Com a tecnologia, a comunicação se tornou mais dinâmica, democrática e acessível. Haverá limites? Cada um estabelece suas próprias porteiras, eloquências, verborragias, pudores, bom senso, silêncios, com base no seu discernimento, na educação, no sentido mais amplo de formação humanística, que tem ou não. Há, claro, a lei que põe freios nos direitos e liberdades individuais, precisamente naquele que ponto o exercício deles esbarra nos direitos e liberdades do outro.

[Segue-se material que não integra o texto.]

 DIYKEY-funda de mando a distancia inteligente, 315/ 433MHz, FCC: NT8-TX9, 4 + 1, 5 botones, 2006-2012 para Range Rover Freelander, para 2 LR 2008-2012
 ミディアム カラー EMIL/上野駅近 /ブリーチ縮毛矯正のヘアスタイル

Mas até mesmo a lei parece vaga nesse novo universo sem regras aparentes em que se navega, de ainda pouco divulgadas e conhecidas jurisprudências.
O episódio recente da goiana que teve imagens íntimas divulgadas pelo ex-namorado faz mais uma vez refletir sobre esse imenso oceano da comunicação nas suas múltiplas plataformas, nesses mares em que navegamos ainda perdidos, sem bússolas, ao sabor dos ventos, agarrando-nos ora a uma promessa de ilhas paradisíacas, ora a cantos de sereia, às vezes assustados por quimeras, outras vezes mareados com tanta beleza e merda que flutuam misturadamente. Temos, porém, que eleger algum roteiro, mapa ou guia, ou será que admitimos ser simplesmente arrastados pela irracionalidade das correntes?

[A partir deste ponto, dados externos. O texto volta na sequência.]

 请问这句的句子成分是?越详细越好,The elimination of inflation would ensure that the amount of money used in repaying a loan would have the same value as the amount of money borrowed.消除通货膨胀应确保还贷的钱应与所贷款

A moça que protagonizou essa triste história de superexposição e humilhação não foi apenas a primeira, nem será a última. Possivelmente sua história vai parar nos tribunais, é possível que resulte em indenização. A mim, o que me impressionou foi, de um lado, a atitude dos que se colocaram na condição de juízes, de autoridades inquisitoriais, condenando moralmente, culpando a vítima por inconsequência, atirando pedra na Geni, tão boa de cuspir; por outro, o comportamento daqueles que, displicentes com a responsabilidade que têm, como figuras públicas, célebres, formadores de opinião, se divertiram e escracharam da dor alheia, transformando em piada, em gesto sarcástico, um elemento dessa história grotesca.

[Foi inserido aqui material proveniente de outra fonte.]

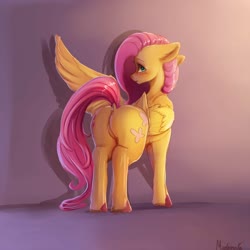 Size: 2000x2000 | Tagged: safe, artist:miokomata, fluttershy, pegasus, pony, g4, butt, cute, dock, featureless crotch, female, floppy ears, flutterbutt, high res, looking at you, looking back, looking back at you, mare, plot, rear view, shy, shyabetes, solo, tail, tail aside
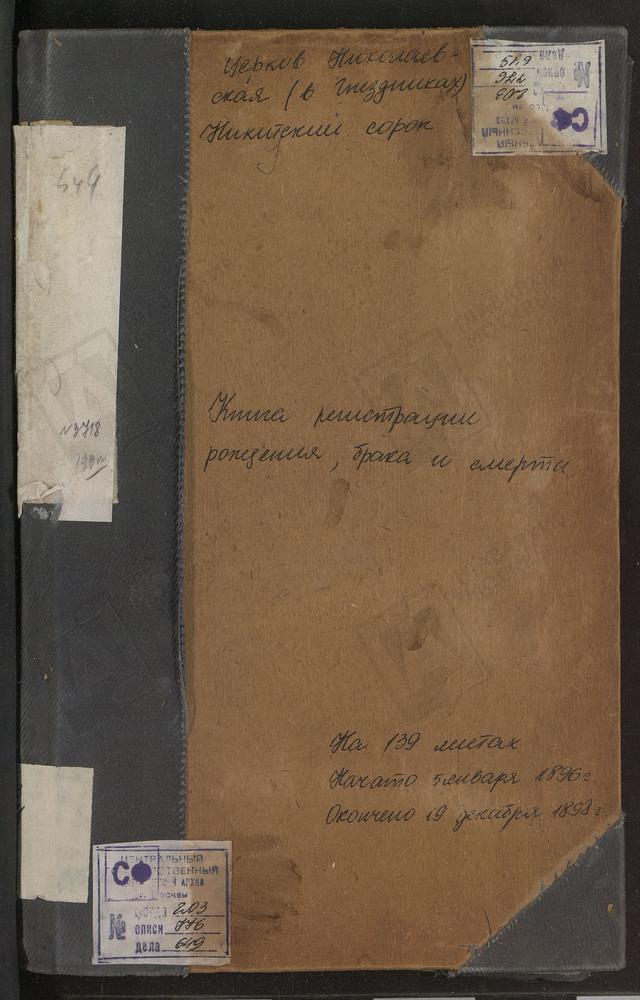 Метрические книги, Москва, Никитский сорок, Церковь св. Николая Чудотворца в Гнездниках (ч.I-III) – Титульная страница единицы хранения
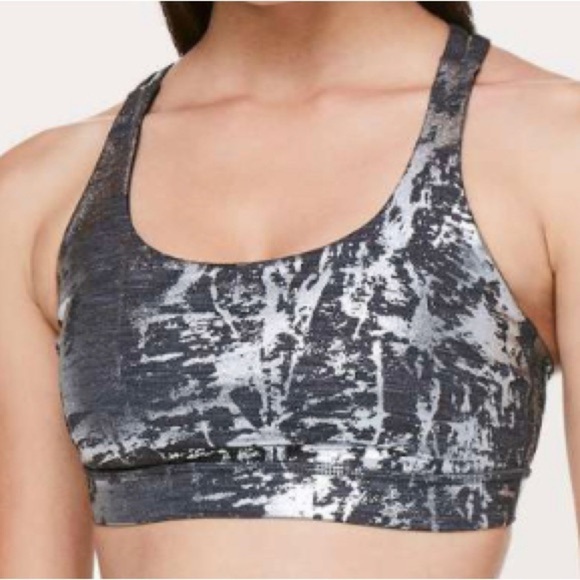 Lululemon Energy Bra Strappy Back Sports Bra Metallic Silver Glam Abstract Print - Picture 2 of 6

É fato que a internet, terra ou águas de ninguém, é o campo livre para a maledicência, para a disseminação dos preconceitos, para o extravasamento das emoções raivosas, para o escracho, o deboche, para o apedrejamento e a malhação. E nessa sociedade de vigilância, em que as câmeras digitais, os celulares, os tablets se constituem em milhões de olhos e ouvidos que nos espreitam, em que nós mesmos, assumidamente narcisistas e exibicionistas, nos expomos, qualquer um de nós, qualquer um, indiscriminadamente, está sujeito a se tornar de repente a Madalena apedrejada, o Judas malhado.
Qualquer deslize nosso, qualquer imprudência ou inconsequência, ato praticado na esperança de ser privado podem repentinamente ser publicizados, tornando-se objeto de zombaria, de julgamento. Podemos a qualquer momento ser julgados e condenados por milhares de desconhecidos, investidos de uma arbitraria autoridade.
Será isso o que queremos? Seremos coniventes com isso, até que chegue a nossa vez de receber um cuspe, uma pedrada no meio da testa, de sermos escarnecidos e aviltados em praça pública? O que pretendemos fazer dessa imensa liberdade de que desfrutamos? Quem está no mar é para navegar, mas não estará nas nossas mãos tornar essas águas menos sujas, ricas e diversas sim, de experiências e opiniões variadas, turbulentas, mas ainda assim bonitas e transparentes?
Podemos começar por usufruir também do nosso direito de ficar em silêncio algumas vezes, de não gritar ao mundo todas as bobagens que tantas vezes nos acodem aos dedos e à boca, de não zombar e não julgar precipitadamente, de não compartilhar a humilhação e a violência, de não "viralizá-las". Comecemos assim, afinal, ninguém está a salvo da tempestade midiática. Num mar de merda, cada um se afoga ao seu tempo, mas, ao fim e ao cabo, afogam-se todos igualmente.